There was no statstically significant differences in Nrf2 mRNA levels by smoking status, which is not surprising as Nrf2 is typically regulated at a protein level. However, we showed that there is a distinct difference in the levels of Nrf2-related transcripts primarily in bronchial epithelium in former versus current smoking status in patients with COPD. Therefore, while Nrf2 activity may be lower with COPD as previously suggested [21, 22], this level can be upregulated with active smoking, presumably due to the ongoing oxidative stress and inflammation with active smoking.
The finding of increased Nfr2 activity in the bronchial epithelium is consistent with increases in small airway epithelium of healthy smokers found by Carolan et al. . Although there has been more focus on the epithelium of the small airways [19, 23,24,25], there is increasing evidence of chronic changes in the large airway epithelium as well [26,27,28], which our study supports. It is reasonable to presume that upregulation in Nrf2 activity is a response to local exposure, and it explains why peripheral blood cells may not reflect similar changes. This is particularly of significance because due to the ease of sampling, investigators often substitute peripheral immune effector cells to study changes that may, in fact, be compartmentalized to the lung epithelium.
It is noteworthy that active smoking does not result in an increase in Nrf2 activity in alveolar macrophages isolated by bronchoalveolar lavage, indicating that immune effector cell responses to smoke may be subdued compared to epithelial responses. This is in contrast to bronchial epithelial cells, where Nrf2 target gene activity is higher than in macrophages in COPD patients with former tobacco use for most target genes and further increased with active smoking. Alveolar macrophages from smokers have been shown to have defects in phagocytosis [8, 9, 29,30,31] that are Nrf2 dependent, and therefore macrophage oxidative stress has been of great interest. There was no association between smoking status and Nrf2 activity in macrophages, which may reflect relative resistance to chronic tobacco smoke as a regulator of Nrf2 activity. Alternatively, macrophages do not accumulate oxidative stress over time, which is reflected by a weaker Nrf2 signal. Further mechanistic studies are needed to address these questions. As Nrf2 activity in normal controls was not measured in this study, we cannot comment on the relative change in Nrf2 activity in the alveolar macrophages in COPD patients, although others have found a decrease in Nrf2 levels in COPD [19, 32]. However, it does not appear to be further influenced by active smoking.

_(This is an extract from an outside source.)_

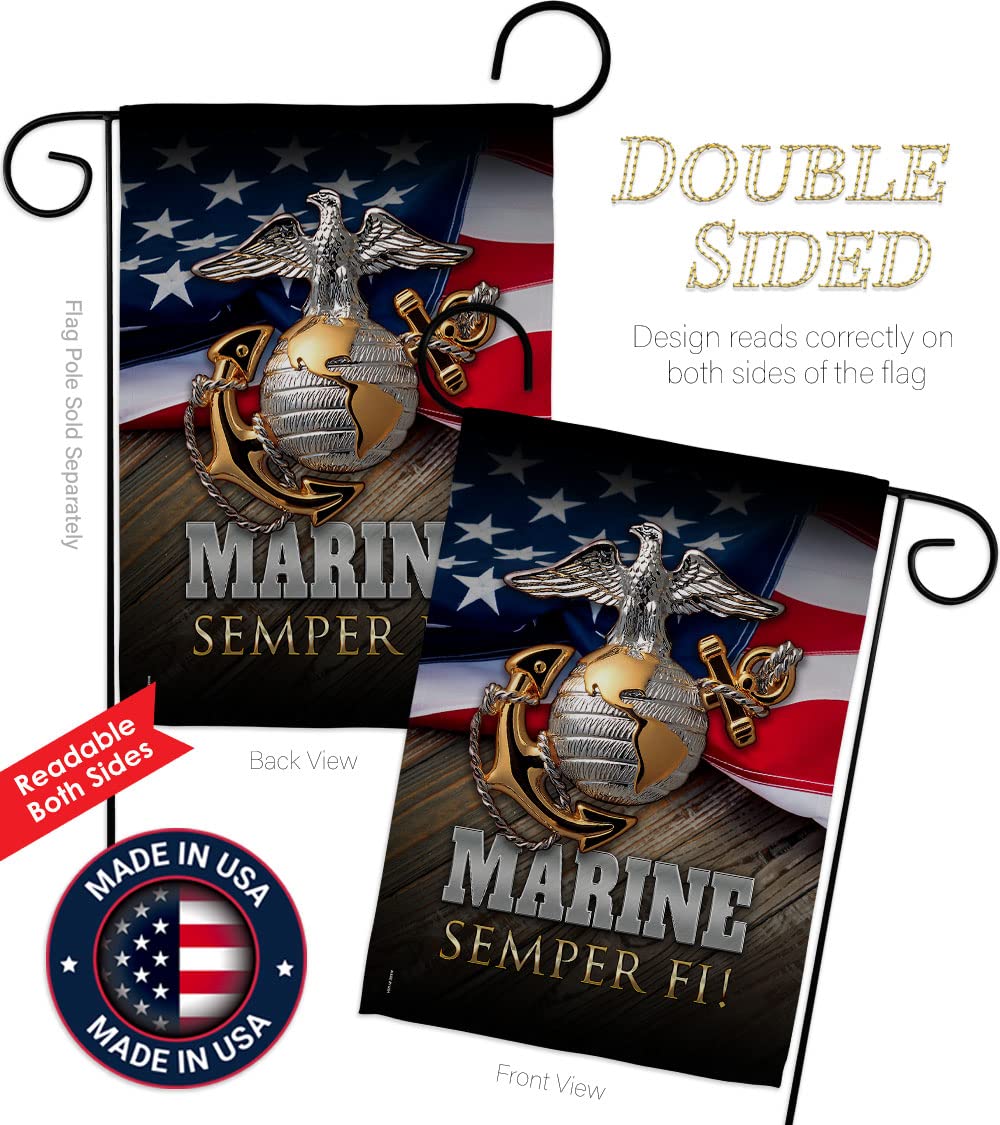 Angeleno Heritage durable polyester flag withstands outdoor weather in any season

There are some important limitations to note. First, the number of participants studied was relatively small with only 89 subjects. The definition of non smoking required only one month’s abstinence because we relied on the ATS-DLD questionnaire responses. There were also higher levels of aspirin use in former smokers than current smokers but the anti-oxidants effects of aspirin are controversial with some studies suggesting that it may have some anti-oxidant properties [33, 34] while others indicate that it actually impairs the anti-oxidant system . There are some recent studies that suggest that aspirin may modulate Nrf2 activity [36,37,38], however these are at micromolar concentrations. A 325 mg tablet of aspirin would result in approximately 2.2 nM concentrations in the blood, assuming complete absorption and equal distributions in all tissues, and there is no evidence that these low concentrations would influence Nrf2 activity. Regardless, larger sample sizes are needed to evaluate potential effects of aspirin. There was no consistent differences in use of other medications identifed that would confound the findings, aside from what was reported in Table 1. In addition, the relatively small numbers of patients would preclude us from determining if any specific co-morbidities influenced the findings.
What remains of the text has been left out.